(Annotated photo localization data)
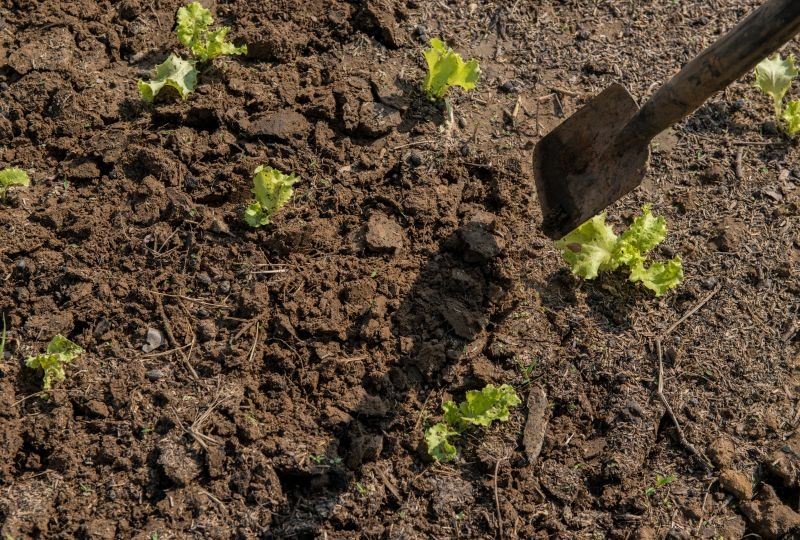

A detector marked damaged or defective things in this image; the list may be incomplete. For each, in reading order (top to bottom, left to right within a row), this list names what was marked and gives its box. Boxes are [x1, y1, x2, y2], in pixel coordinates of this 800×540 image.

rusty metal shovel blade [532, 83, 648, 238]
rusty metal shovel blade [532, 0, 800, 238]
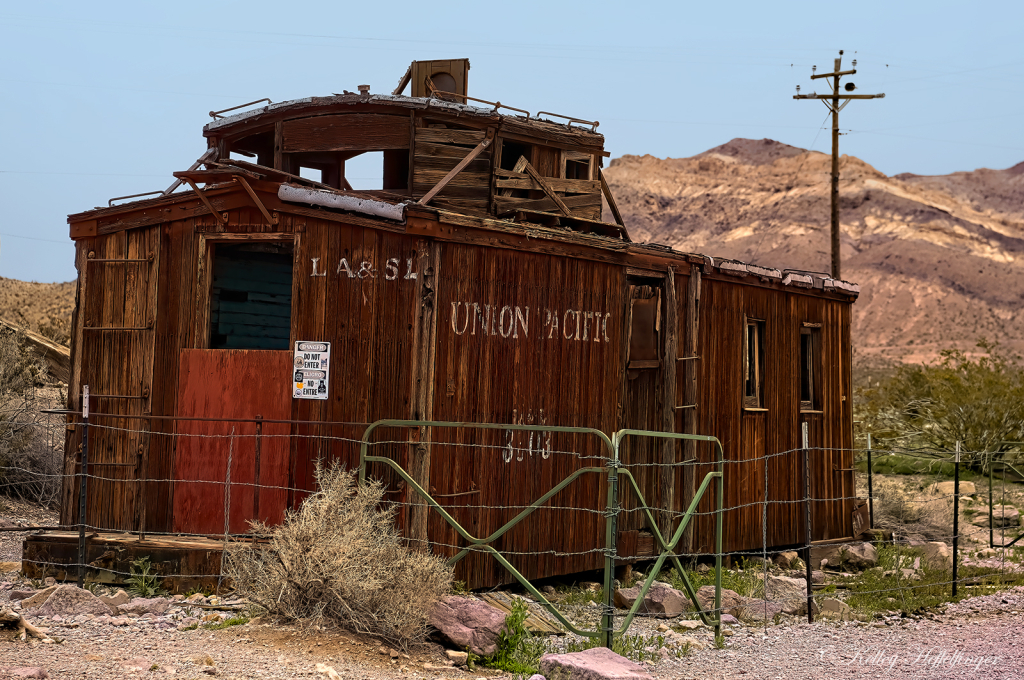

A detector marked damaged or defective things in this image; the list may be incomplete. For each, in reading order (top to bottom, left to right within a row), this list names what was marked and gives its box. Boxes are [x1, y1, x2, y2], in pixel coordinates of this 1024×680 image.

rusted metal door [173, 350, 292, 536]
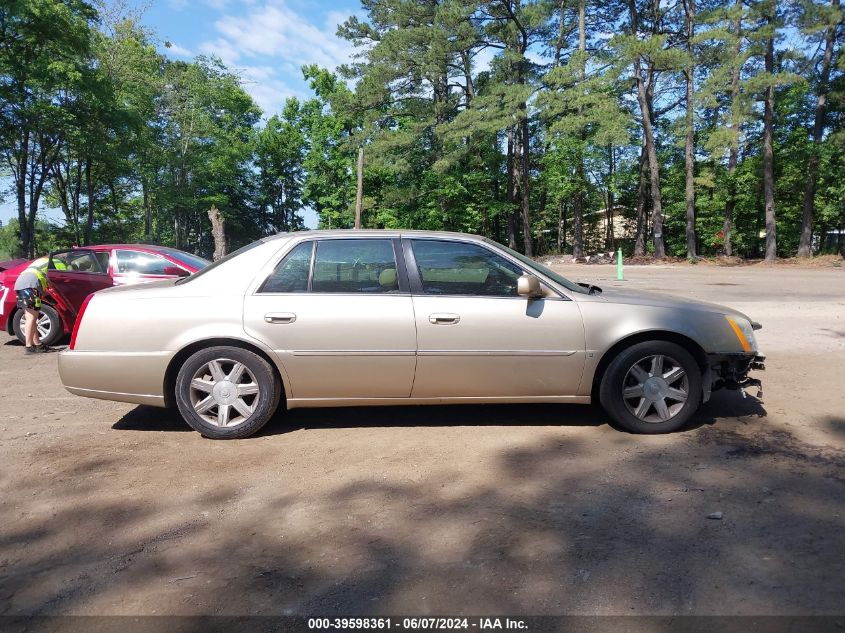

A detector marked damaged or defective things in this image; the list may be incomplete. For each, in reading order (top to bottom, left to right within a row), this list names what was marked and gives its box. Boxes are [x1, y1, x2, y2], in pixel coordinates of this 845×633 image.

## WHAT TO PRODUCE
Leaving the pictures aside, copy exactly and only the lines from the one holding "this 1024×680 image." through the final line of the data, both ends kept.

## OUTPUT OF THE TASK
A detector marked damaged or defective things in this image; the list may be incomplete. For each, in reading order (top to bottom, left to right within a row), this list names what was marked and gives its box. Boxes are [x1, y1, x2, y2], in pixel coordinates of this 1024×680 image.

rusted metal door [173, 350, 292, 536]

A detector marked damaged or defective things in this image; the list may be incomplete. For each, in reading order (top to bottom, left to right within a row), this list names what was marked and gives its box. Boxes are [x1, y1, x2, y2], in pixel coordinates of this 845×633 image.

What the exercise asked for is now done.